Gekommen und geblieben
Geschichtsschreibung mit echten Menschen
Mit ihrem damaligen Ehemann und der knapp dreijährigen Tochter Anastasia zog Irina Jerdeva 1996 von Moskau nach München, der schwer kranken Schwiegermutter wegen. Sie bekam einen Deutschkurs und eine Fortbildung, gleich im Anschluss eine gute Anstellung als Architektin. Ursprünglich war es gar nicht so geplant, aber sie blieb, lebt nun seit genau 20 Jahren im Westend. Anastasia besuchte die Guldeinschule und das Luisengymnasium, heute studiert sie Landschaftsarchitektur in Weihenstephan. Während ihrer Schulzeit hat sie als Zustellerin des Westend-Anzeigers gejobbt: "Es gibt nichts Besseres, um ein Viertel kennen zu lernen", meint sie.

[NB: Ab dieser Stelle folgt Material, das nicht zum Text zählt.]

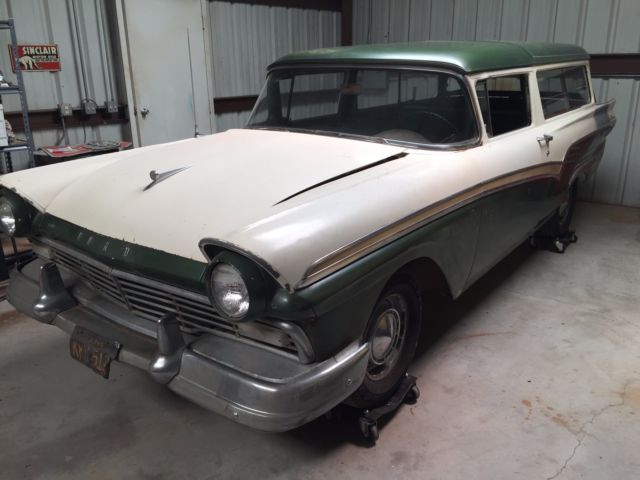 1957 green/white Ford Other Wagon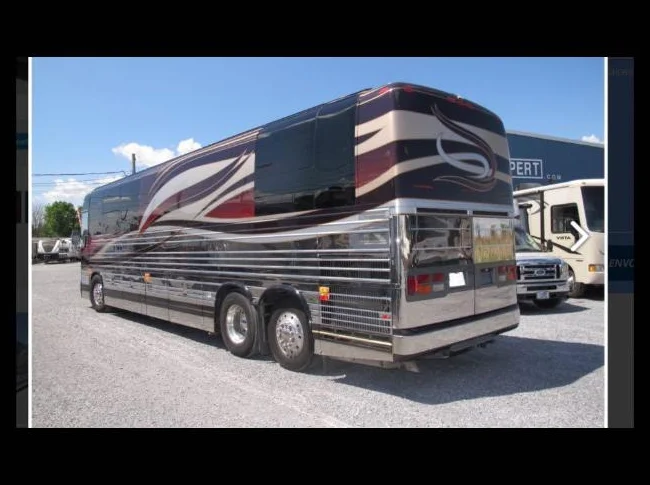 PREVOST XL II    2000 thumbnail 3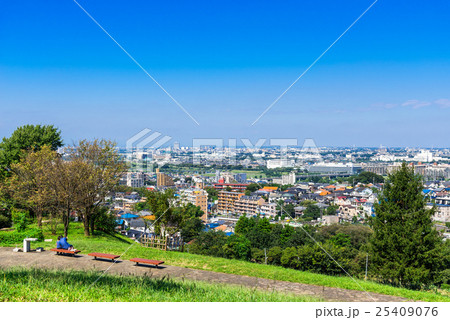 青空が広がる住宅街 25409076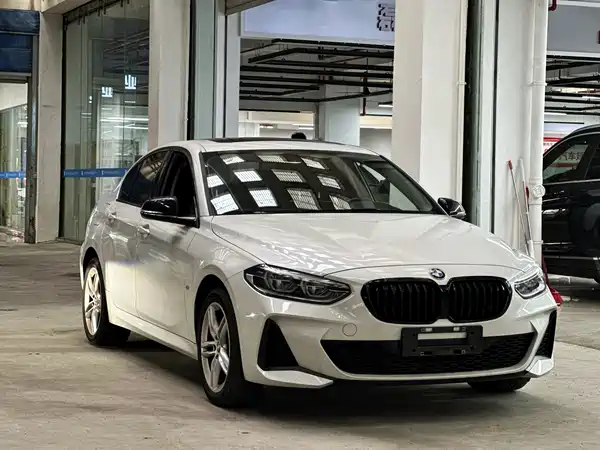 BMW 1 Series 2021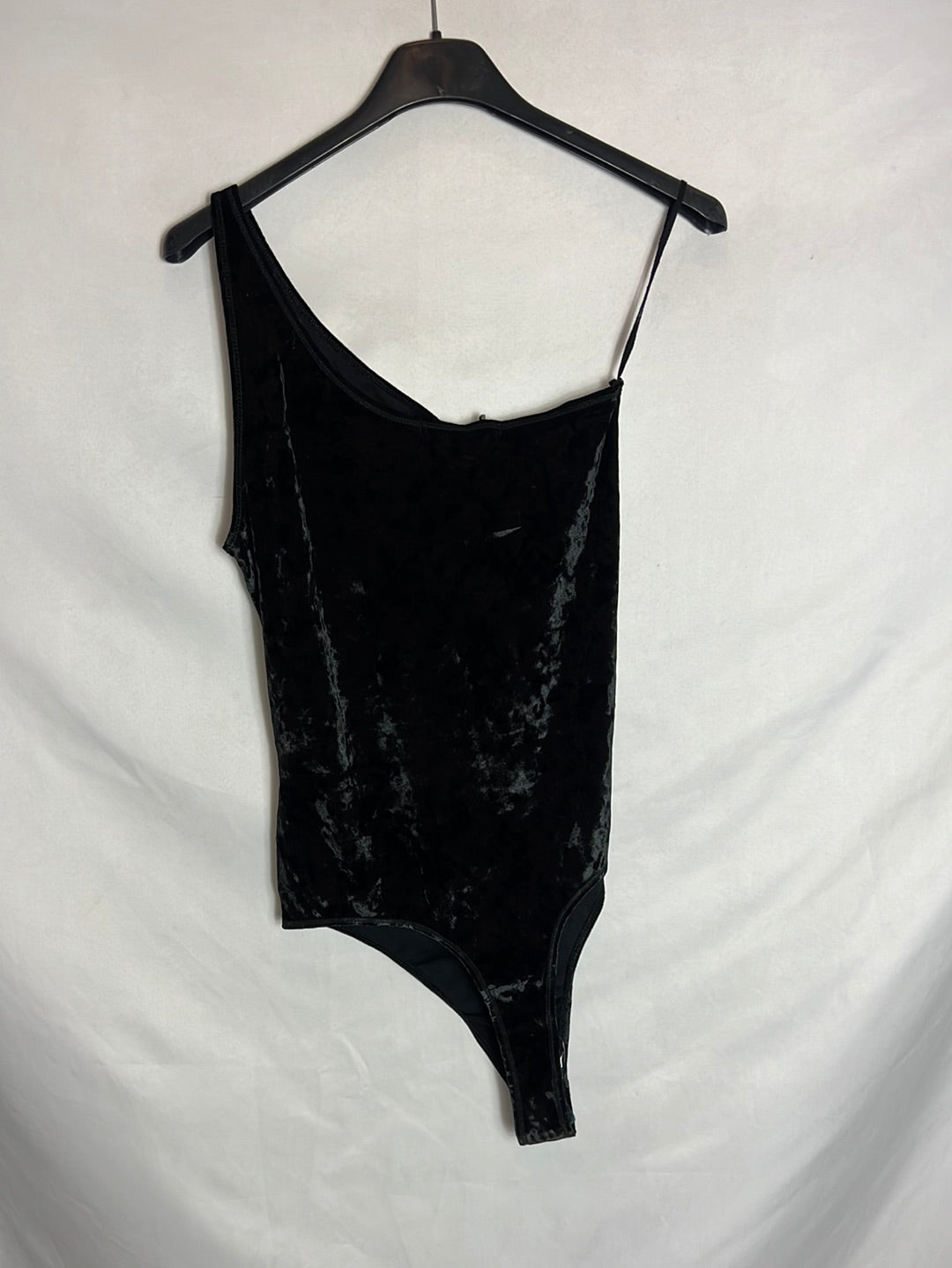 OYSHO. Black velvet top Tl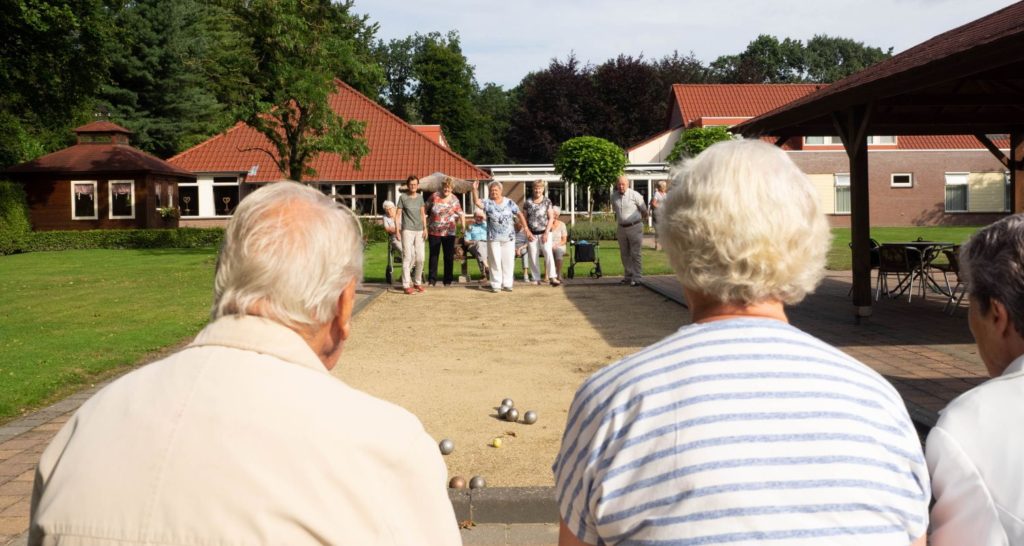 Ouderen jeu de boule bij hotel de postelhoef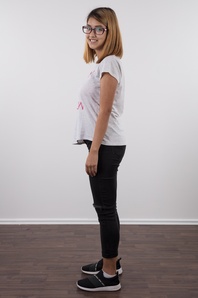 4. Download full pics of Katka (18) from czechcasting.com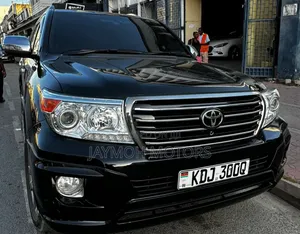 Toyota Land Cruiser 2016 Black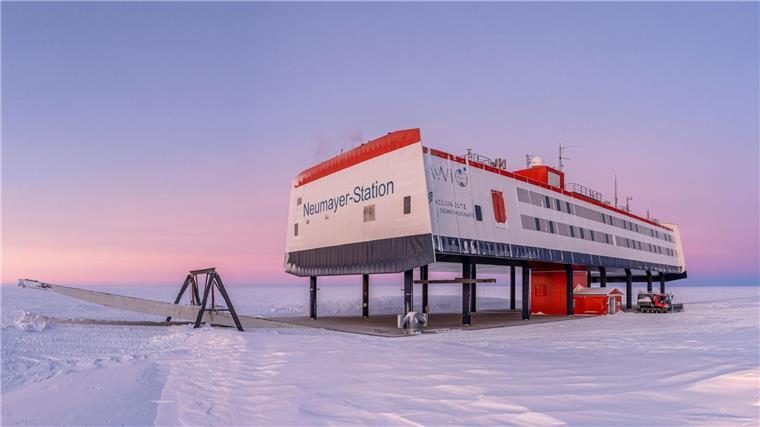 In der Antarktis kommt keine echte Weihnachtsstimmung auf Die deutsche Forschungsstation Neumayer-Station III in der Antarktis ist auch über Weihnachten besetzt. (Archivbild)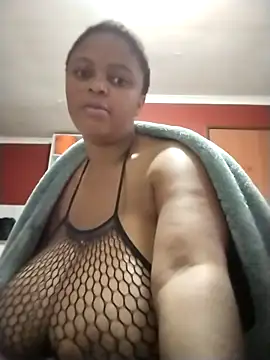 PrettyLisa26 online show from June 2026 04:55:01 AM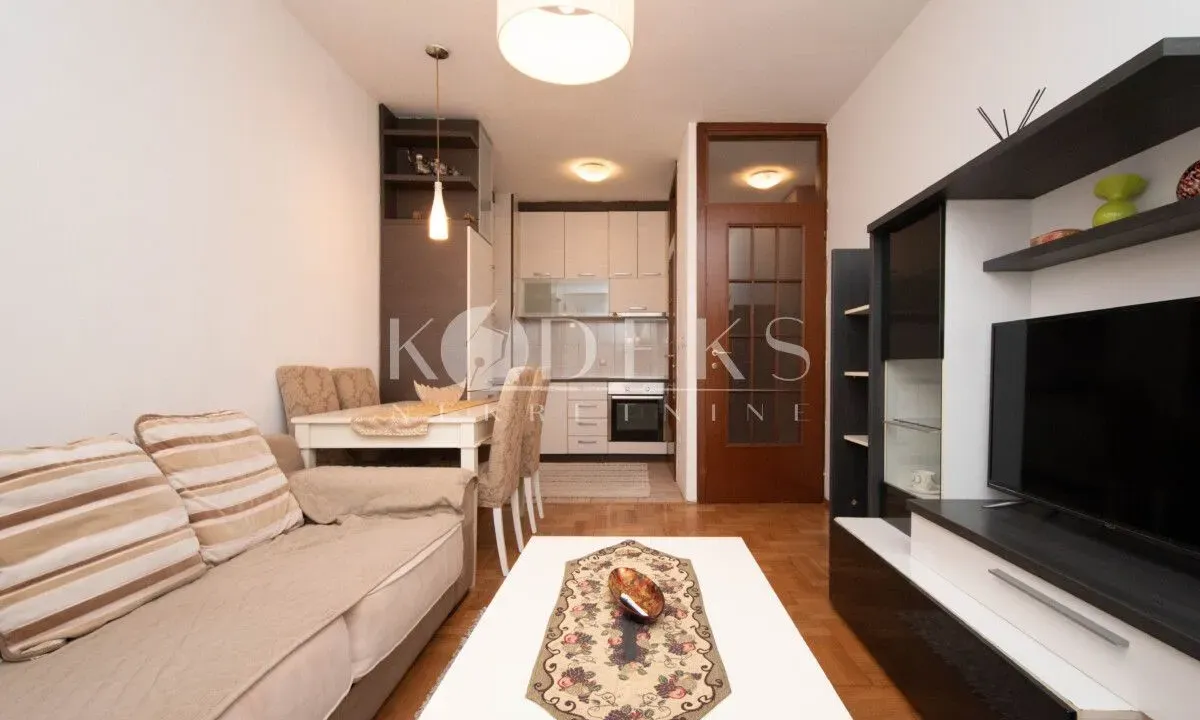 Rent, one bedroom apartment, 37m², Stari Aerodrom, Podgorica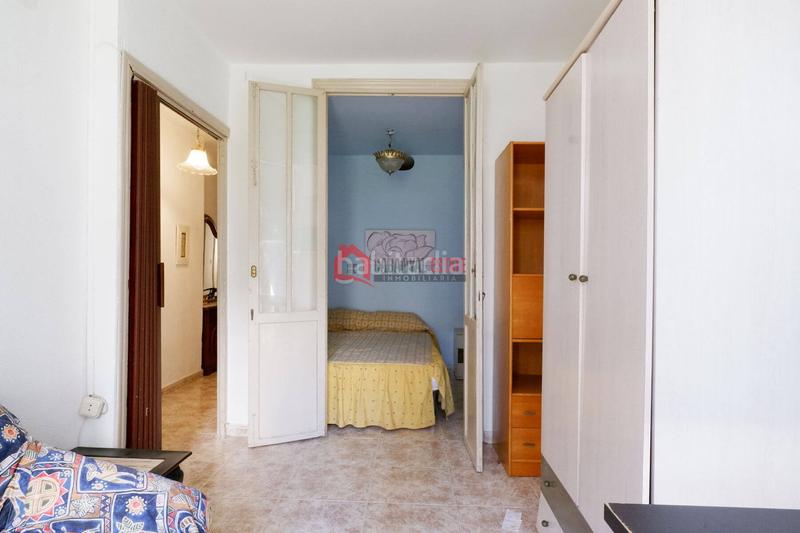 Foto 2d445a9e-c673-48da-a79e-d438d0445338. Edificio en El Cabanyal-El Canyamelar Valencia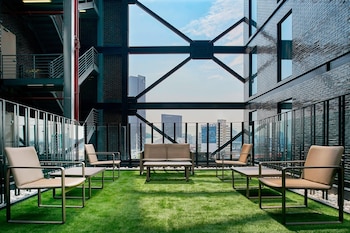 Se sirven desayunos, comidas, cenas y cocina internacional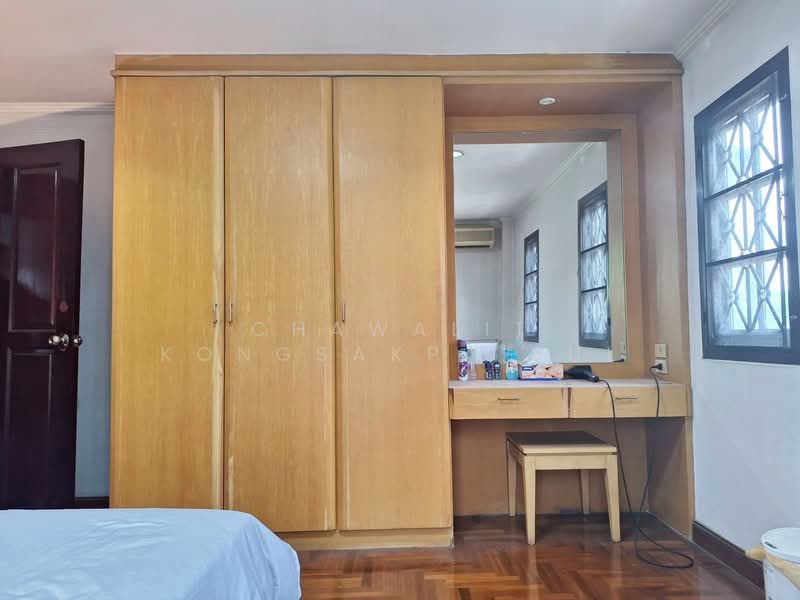 For Sale: Two-story detached house near Lotus Bang Khae, Soi Phetkasem 68, Intersection 34, Soi Saen, Bangkok, Bang Kae Nua, Bang Khae, Bangkok, 3 Bedrooms, 380 sqm, Single Detached House For Sale, by CHAWALIT KONGSAKPAIBUL, 500177708 - DDproperty.com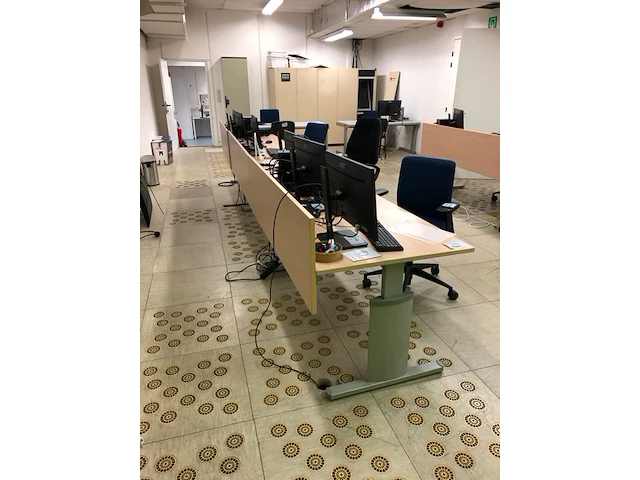 3 bureaus, 3 bureaustoelen - afbeelding 1 van  5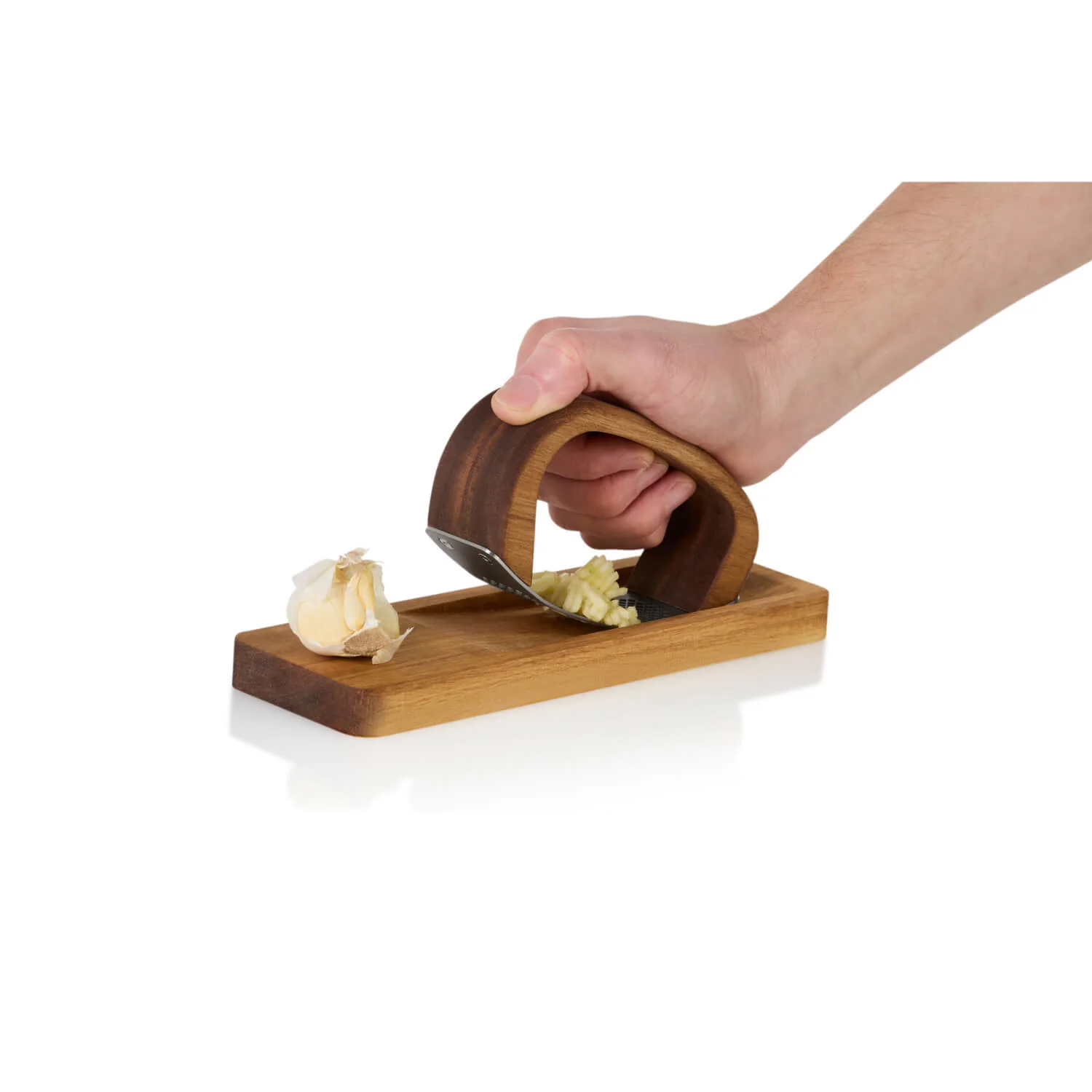 AdHoc RoccaAlio Garlic Press & Chopping Board - Image 6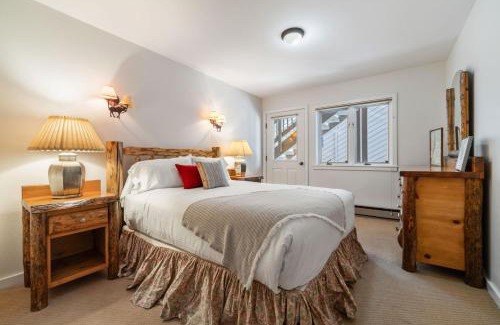 Teton Village Apartment | RMR: Teewinot C3 Condo in Teton Village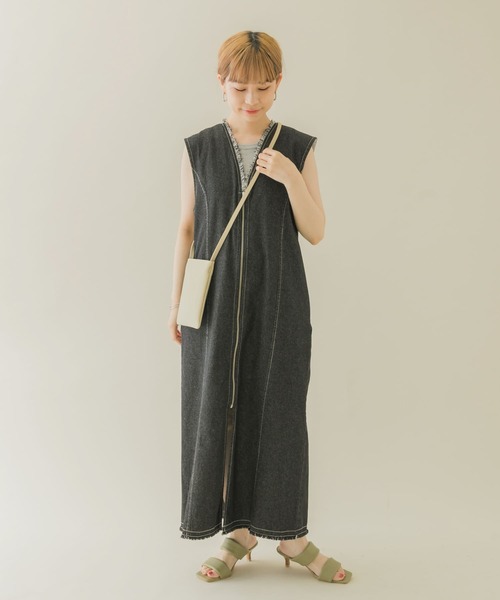 SMELLY（スメリー）の「スクエアミニショルダー（ショルダーバッグ・レディース・ベージュ/アイボリー/ブラック・-）」の10枚目の写真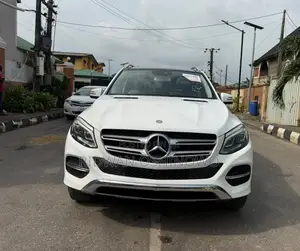 Mercedes-Benz GLE-Class GLE 350 2017 White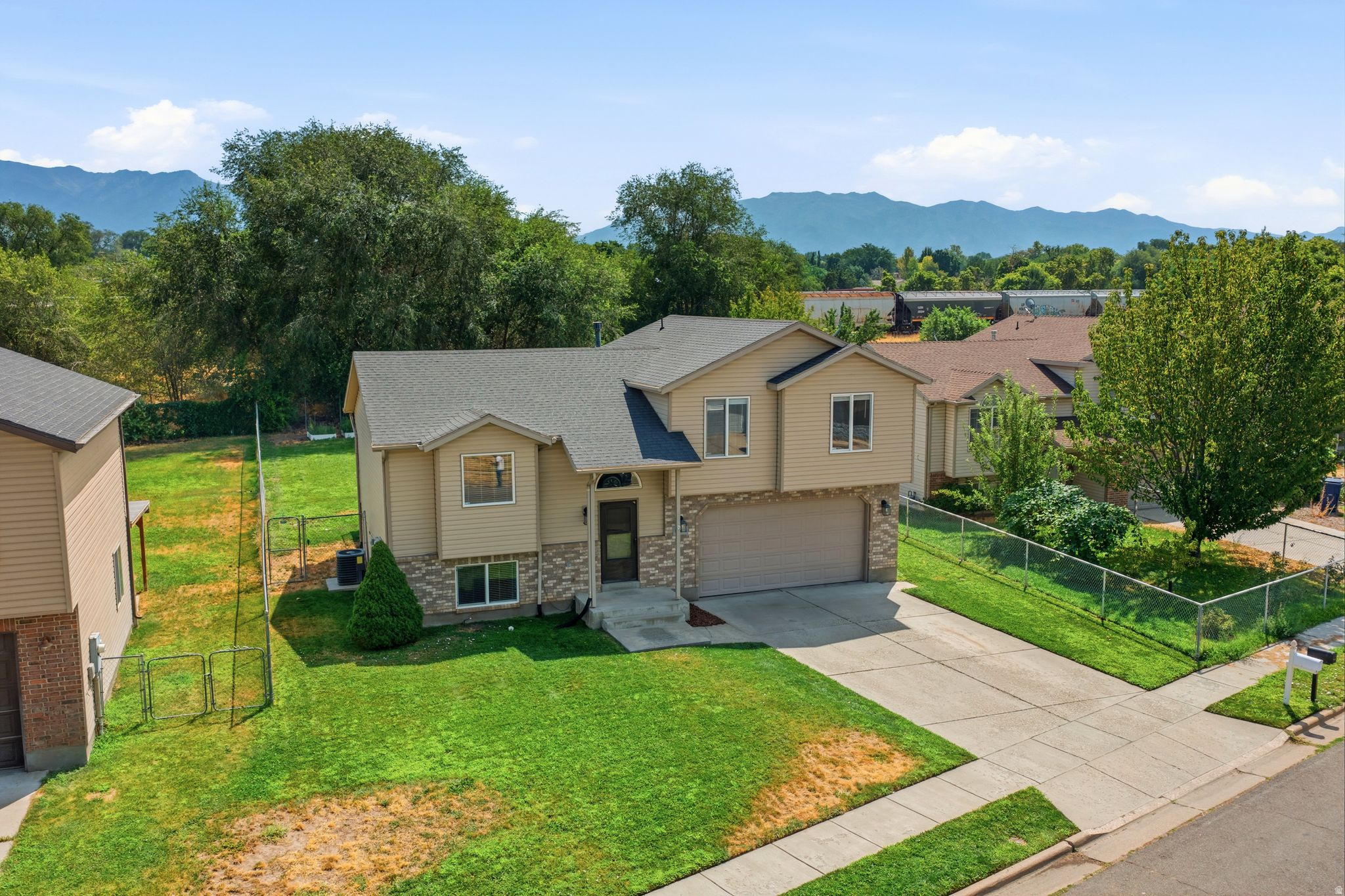 main property photo 18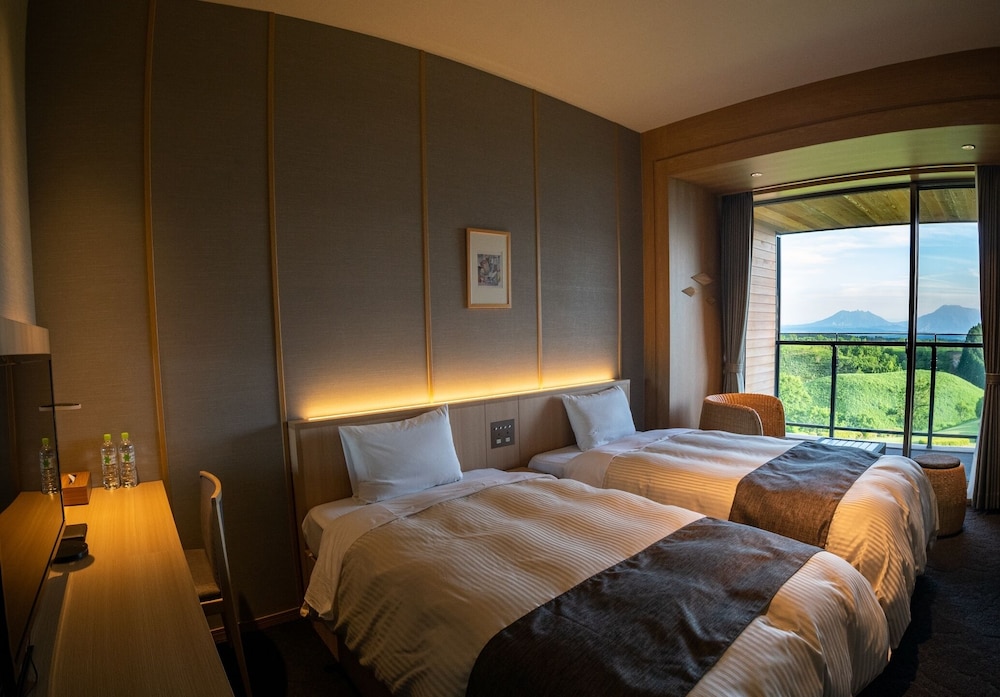 Aso Kuju National Park Hotel and Resort (ex Kurokawa Onsen Senomoto Kogen Hotel) 2/32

Dass Irina Jerdeva ihre Einwanderungsgeschichte dem Projekt "Migration bewegt die Stadt" erzählte, war purer Zufall. Mutter und Tochter dachten eigentlich, die Veranstaltung im Kösk gehöre zum "Open Westend". Doch es war die Abschlussparty der Aktionstage, die das Projekt im Viertel bekannter machen sollten – was auch gelungen ist.
Fortsetzung folgt
"Es war ein voller Erfolg und schreit nach Fortsetzung", fasst Historiker Simon Goeke vom Münchner Stadtmuseum zusammen. Neue Perspektiven auf München als Einwanderungsstadt sollen im städtischen "Gedächtnis", dem Stadtmuseum und dem Stadtarchiv, aufbewahrt und sichtbar gemacht werden, daran arbeiten Historiker schon seit zwei Jahren. Bei den Aktionstagen im Westend wurden nun Einwanderungsgeschichten erzählt und gesammelt. Im Sommer ist eine Fortsetzung geplant: Während der Kunst- und Kulturtage sollen wieder niederschwellige Veranstaltungen stattfinden. Für Juli ist eine "Museumswerkstatt" geplant. Hier soll ein Kreis von Menschen gefunden werden, die Lust haben, längerfristig an dem Projekt mitzuarbeiten.
Großes Interesse
Alle Veranstaltungen der Aktionstage waren bestens besucht. Beim Erzählabend im Kulturladen waren nicht nur die Erinnerungen der Erzähler interessant, sondern auch die Filmausschnitte von damals. Schon 1978 wurde im Viertel ein Internationales Straßenfest gefeiert, und der damalige Kulturreferent der Landeshauptstadt eröffnete es mit den Worten: "Liebe Bürgerinnen und Bürger in der Schwanthalerhöh, liebe Gäste aus dem Ausland."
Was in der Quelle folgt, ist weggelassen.